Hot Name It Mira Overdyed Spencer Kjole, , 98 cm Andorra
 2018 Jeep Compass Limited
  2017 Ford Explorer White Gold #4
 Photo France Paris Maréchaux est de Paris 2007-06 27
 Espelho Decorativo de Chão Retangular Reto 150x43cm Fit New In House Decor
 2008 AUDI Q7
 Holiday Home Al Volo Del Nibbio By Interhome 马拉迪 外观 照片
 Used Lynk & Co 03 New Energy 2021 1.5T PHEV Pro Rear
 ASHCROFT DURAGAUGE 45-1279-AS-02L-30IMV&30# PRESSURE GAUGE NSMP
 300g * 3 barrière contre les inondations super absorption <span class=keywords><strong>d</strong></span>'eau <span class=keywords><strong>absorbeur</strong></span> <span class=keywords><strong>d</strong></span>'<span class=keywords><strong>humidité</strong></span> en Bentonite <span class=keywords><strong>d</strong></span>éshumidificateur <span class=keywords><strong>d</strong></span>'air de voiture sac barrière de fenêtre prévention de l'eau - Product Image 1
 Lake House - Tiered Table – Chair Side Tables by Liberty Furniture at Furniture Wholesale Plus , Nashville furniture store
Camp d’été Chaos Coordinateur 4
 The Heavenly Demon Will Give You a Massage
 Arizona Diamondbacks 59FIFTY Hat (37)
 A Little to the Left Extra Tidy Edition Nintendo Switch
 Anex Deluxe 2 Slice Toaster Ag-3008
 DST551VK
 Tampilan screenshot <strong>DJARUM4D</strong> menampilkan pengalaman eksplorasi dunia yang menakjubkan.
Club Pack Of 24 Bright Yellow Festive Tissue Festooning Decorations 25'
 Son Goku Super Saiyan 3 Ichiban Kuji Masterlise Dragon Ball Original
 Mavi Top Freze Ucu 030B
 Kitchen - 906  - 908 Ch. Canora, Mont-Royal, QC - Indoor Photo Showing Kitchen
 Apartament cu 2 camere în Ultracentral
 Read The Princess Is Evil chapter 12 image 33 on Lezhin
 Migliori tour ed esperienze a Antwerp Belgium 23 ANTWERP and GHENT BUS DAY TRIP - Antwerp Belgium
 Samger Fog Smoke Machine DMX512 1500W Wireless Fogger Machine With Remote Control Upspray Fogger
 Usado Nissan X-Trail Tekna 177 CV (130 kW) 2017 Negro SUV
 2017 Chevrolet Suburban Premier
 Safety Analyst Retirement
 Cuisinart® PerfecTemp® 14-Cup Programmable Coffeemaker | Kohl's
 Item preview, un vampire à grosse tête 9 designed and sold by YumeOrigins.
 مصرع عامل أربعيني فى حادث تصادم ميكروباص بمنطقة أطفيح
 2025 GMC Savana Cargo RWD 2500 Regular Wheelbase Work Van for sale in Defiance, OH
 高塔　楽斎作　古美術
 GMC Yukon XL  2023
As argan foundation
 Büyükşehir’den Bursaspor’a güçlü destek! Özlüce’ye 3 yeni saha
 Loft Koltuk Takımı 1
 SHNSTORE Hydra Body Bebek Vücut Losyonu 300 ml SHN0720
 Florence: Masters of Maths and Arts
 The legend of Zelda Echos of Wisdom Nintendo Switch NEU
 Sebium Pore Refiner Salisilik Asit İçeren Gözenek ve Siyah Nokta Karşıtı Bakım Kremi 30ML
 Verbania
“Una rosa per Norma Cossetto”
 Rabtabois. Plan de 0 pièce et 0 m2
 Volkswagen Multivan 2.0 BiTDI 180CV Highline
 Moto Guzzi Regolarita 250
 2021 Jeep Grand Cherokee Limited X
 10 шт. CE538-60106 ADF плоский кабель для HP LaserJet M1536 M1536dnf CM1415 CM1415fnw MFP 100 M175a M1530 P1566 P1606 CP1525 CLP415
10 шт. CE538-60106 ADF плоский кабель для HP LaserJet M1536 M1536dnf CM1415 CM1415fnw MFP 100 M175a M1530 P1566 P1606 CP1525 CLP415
------------------------------------------------------------------------
- _TASK_
From the records above, copy each line that contains the word "Photo".

- _ANSWER BELOW_
 Photo France Paris Maréchaux est de Paris 2007-06 27
 Kitchen - 906  - 908 Ch. Canora, Mont-Royal, QC - Indoor Photo Showing Kitchen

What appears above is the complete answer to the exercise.